イチゴ Fragaria grandlflora
時々、日常に見られる何の変哲もないもの、ありふれたものを見て、まるで生まれて初めて、今見たかのような新鮮な衝撃を受ける、そんなことを経験したことがありませんか。
先日、スーパーの野菜売り場で、パック詰めのイチゴの山を見たとき、私はそれを感じました。宝石のように澄んだ赤いイチゴの山。毎日見ているはずなのに。まるでそこに、目に見えない高貴な魂が、うずくまっているような。空を飛んでいた澄んだ風の鳥が、ひといきそこにおりてきて、休んでいるような。
しばし打たれて、息を飲んでしまいました。見えない誰かがそこにいて、この私の心を飛び越えて、直接魂と会話していました。
その存在そのものが、見知らぬ言語の歌のように起き出して、私の存在そのものに、迫ってきたかのようだったのです。今まで当たり前のようにしてそこにあったもの。それがなんのために、なぜそこにあるのか、だれがそこにおいたのか、だれがそれを作ったのか。あらゆる意味が音楽のように紡ぎだされて、そこに新たな命を作ったかのようでした。

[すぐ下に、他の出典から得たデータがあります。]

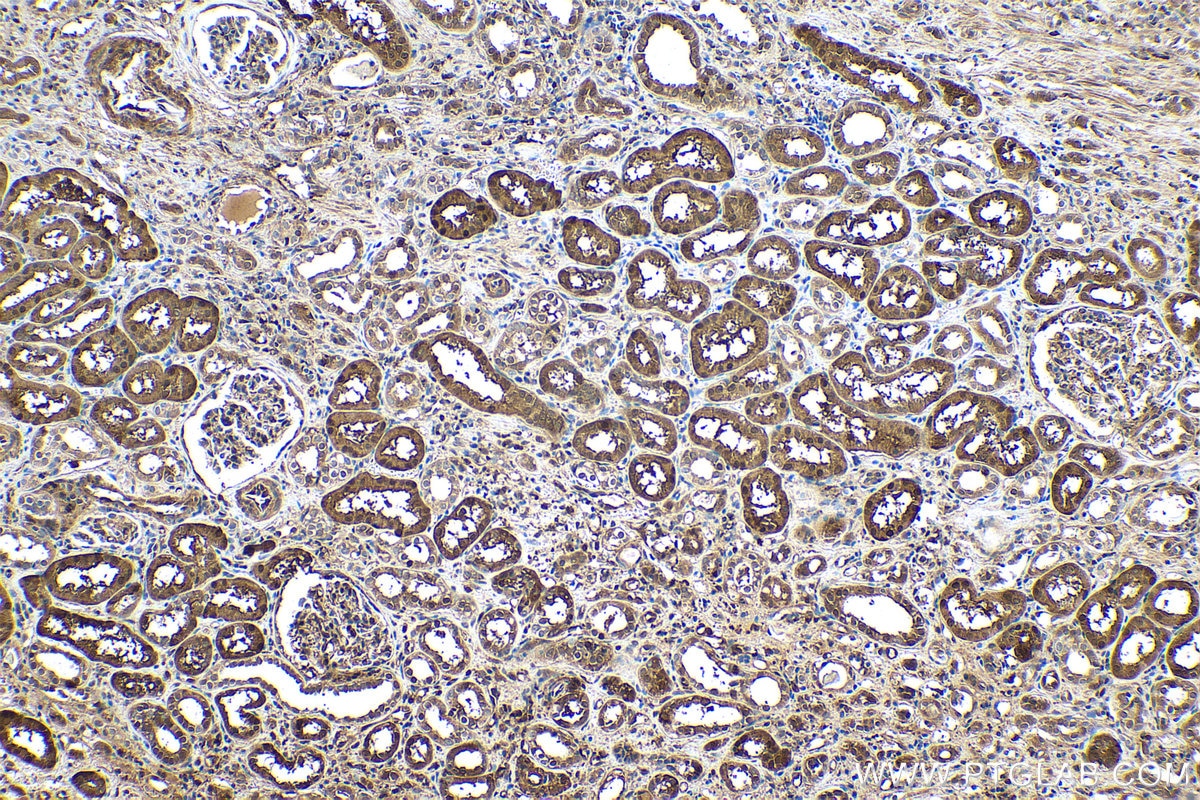 Immunohistochemical analysis of paraffin-embedded human renal cell carcinoma(NAT) tissue slide using KHC0541 (IDH1 IHC Kit).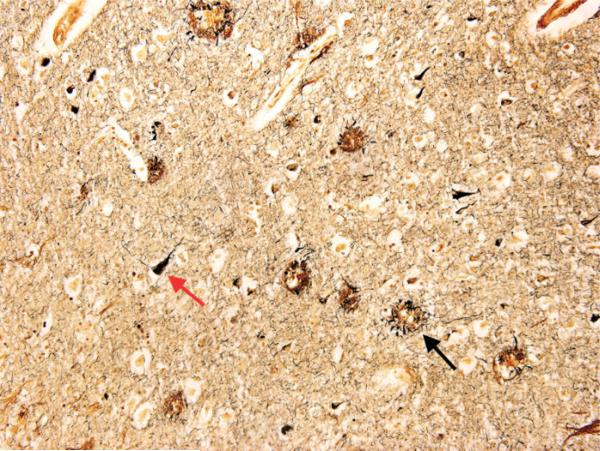 Microscopic image of neurofibrillary tangles in Alzheimer disease brain tissue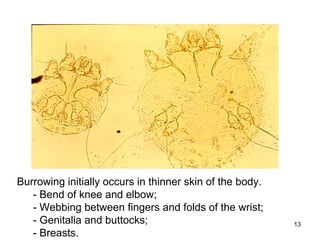 13
small male large female
Burrowing initially occurs in thinner skin of the body.
- Bend of knee and elbow;
- Webbing between fingers and folds of the wrist;
- Genitalia and buttocks;
- Breasts.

日ごろ、私達が何げなくみていいるものの中にも、その光はあるのでした。私達が勝手に世界に塗った薄っぺらな色を拭うと、それそのものの、本当の意味の光が見えてくる。真実を見ようとするまっすぐな瞳があれば、それを見抜くことができる。私達が、実はどんなに豊かな世界に生きているか。どんなにたくさんのものが、与えられているか、愛が、どんなに忍耐強く、私達の胸の下で、息づいているか。
一粒の赤いイチゴを見るとき、知らず知らずのうちに希望がわいてくる。そんな気がするときがあります。なぜそうなのかはわからない。けれども。
生きてゆく中で、時に傷ついて、切ない孤独の痛みを一時でも癒そうとするとき、イチゴの助けを借りようとする人は、そう少なくないでしょう。イチゴがいなければ、耐えられない痛みがある。生きていくひとびとの、その胸の中には。
それを知っていた誰かが、私達が生きることを、少しでも助けるために、一粒のイチゴを、この世に作ったのだとしたら。